Sehingga pelapor kembali memberikan uang sebesar Rp. 1,5 M kepada terlapor dengan jaminan pada saat itu terlapor memberikan 3 lembar cek kepada pelapor.
Pada saat jatuh tempo pencairan ketiga lembar cek tersebut, pelapor tidak dapat mencairkan karena saldo terlapor tidak cukup. “Sementara kasus ditangani dan dalam proses penyidikan,” pungkas Kompol Edhy.
Maraknya kasus penipuan disebabkan ketidaktahuan para pelakunya tentang ancaman Allah dan RasulNya. Islam mengharamkan seluruh macam penipuan, baik dalam masalah jual-beli, maupun dalam seluruh macam muamalah. Seorang muslim dituntut untuk berlaku jujur dalam seluruh urusannya, Sebab keikhlasan dalam beragama, nilainya lebih tinggi daripada seluruh usaha duniawi.
Rasulullah s.a.w. pernah bersabda : “Dua orang yang sedang melakukan jual-beli dibolehkan tawar-menawar selama belum berpisah; jika mereka itu berlaku jujur dan menjelaskan (ciri dagangannya), maka mereka akan diberi barakah dalam perdagangannya itu; tetapi jika mereka berdusta dan menyembunyikan (ciri dagangannya), barakah dagangannya itu akan dihapus.” (Riwayat Bukhari).
Dan beliau bersabda pula : “Tidak halal seseorang menjual suatu perdagangan, melainkan dia harus menjelaskan ciri perdagangannya itu; dan tidak halal seseorang yang mengetahuinya, melainkan dia harus menjelaskannya.” (Riwayat Hakim dan Baihaqi).
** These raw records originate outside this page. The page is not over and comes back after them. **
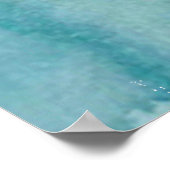 濃い黒い線で咲く花の水色 ポスター (角)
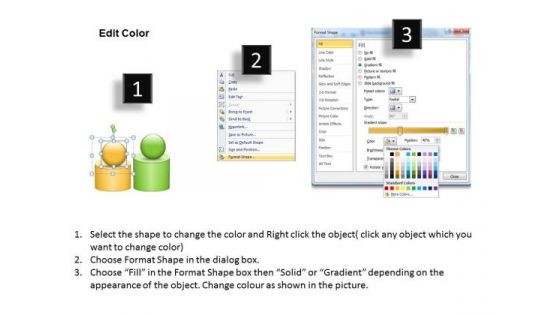 Two Step Process Flow For Marketing Strtegy Ppt Business Planning Software PowerPoint Templates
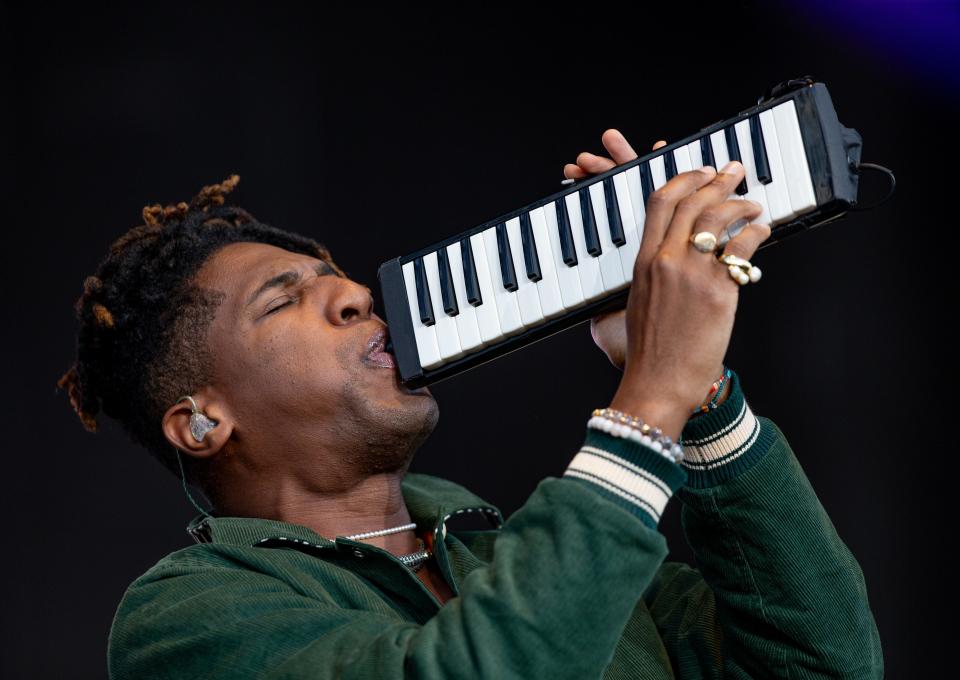 Jon Batiste, pictured here at the 2023 Bourbon and Beyond music festival, is coming to Knoxville for the 2024 Big Ears Festival. Batiste comes from a dynasty of New Orleans musicians and took home five Grammys in 2022.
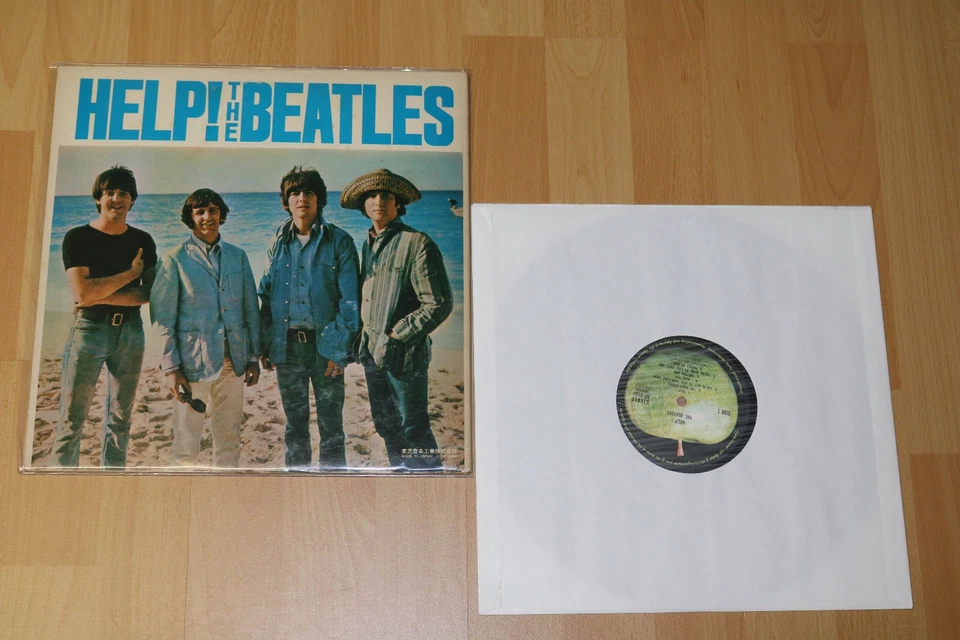 The Beatles – Help ! Apple Ger.  AP-8151 Japan Pressung | OBI Nachdruck VG++ - Bild 3 von 3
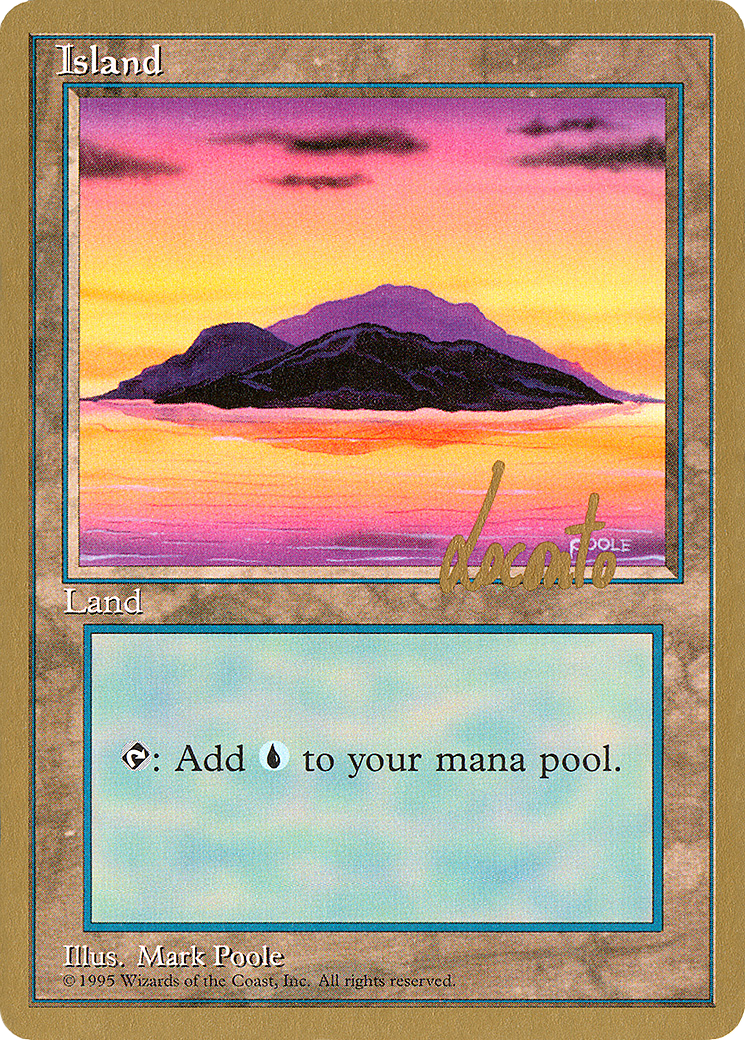 Island (B) - 1996 Michael Loconto (4ED) (WCD-) - Pro Tour Collector Set-1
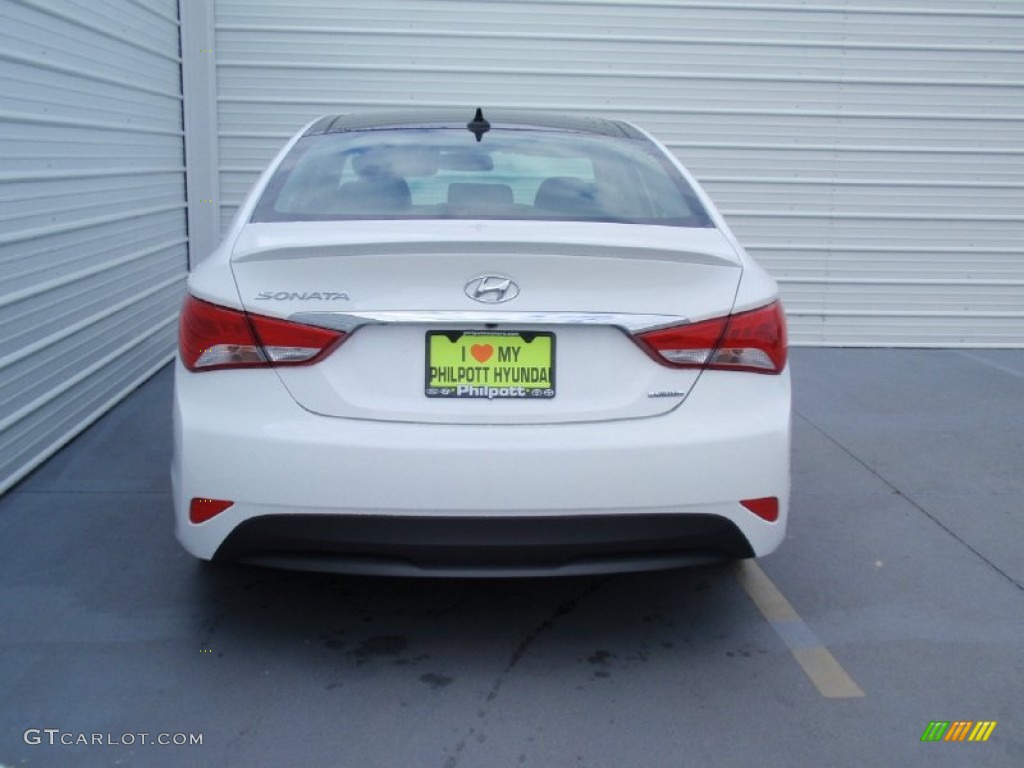 2014 Sonata Limited - Pearl White / Black photo #5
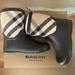 Burberry Shoes | Kids Burberry Rain Boots Size 34 | Color: Black/Cream | Size: 34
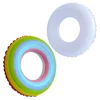 Rainbow circle inflatable swim ring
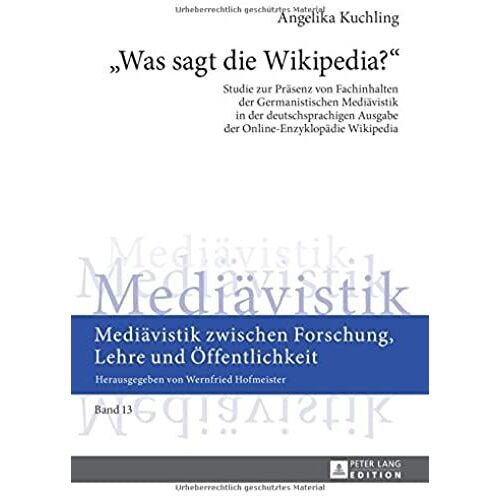 'was Sagt Die Wikipedia?'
Pada suatu hari Rasulullah s.a.w. pernah melalui seorang laki-laki yang sedang menjual makanan (biji-bijian). Beliau sangat mengaguminya, kemudian memasukkan tangannya ke dalam tempat makanan itu, maka dilihatnya makanan itu tampak basah, maka bertanyalah beliau: Apa yang diperbuat oleh yang mempunyai makanan ini? Ia menjawab: Kena hujan. Kemudian Rasulullah s.a.w. bersabda : “Mengapa tidak kamu letakkan yang basah itu di atas, supaya orang lain mengetahuinya?! Sebab barangsiapa menipu kami, bukanlah dari golongan kami.” (Riwayat Muslim).
Dalam salah satu riwayat dikatakan : “Sesungguhnya Rasulullah s.a.w. pernah melalui suatu (tumpukan) makanan yang oleh pemiliknya dipujinya, kemudian Nabi meletakkan tangannya pada makanan tersebut, tetapi tiba-tiba makanan tersebut sangat jelek, lantas Nabi bersabda: “Juallah makanan ini menurut harga yang pantas dan ini menurut harga yang pantas; sebab barangsiapa menipu kami, bukanlah dari golongan kami.” (Riwayat Ahmad).
Begitulah yang dikerjakan oleh orang-orang Islam zaman dahulu, dimana mereka itu menjelaskan cacat barang dagangannya dan sama sekali tidak pernah merahasiakannya. Mereka selalu berbuat jujur dan tidak berdusta, ikhlas dan tidak menipu.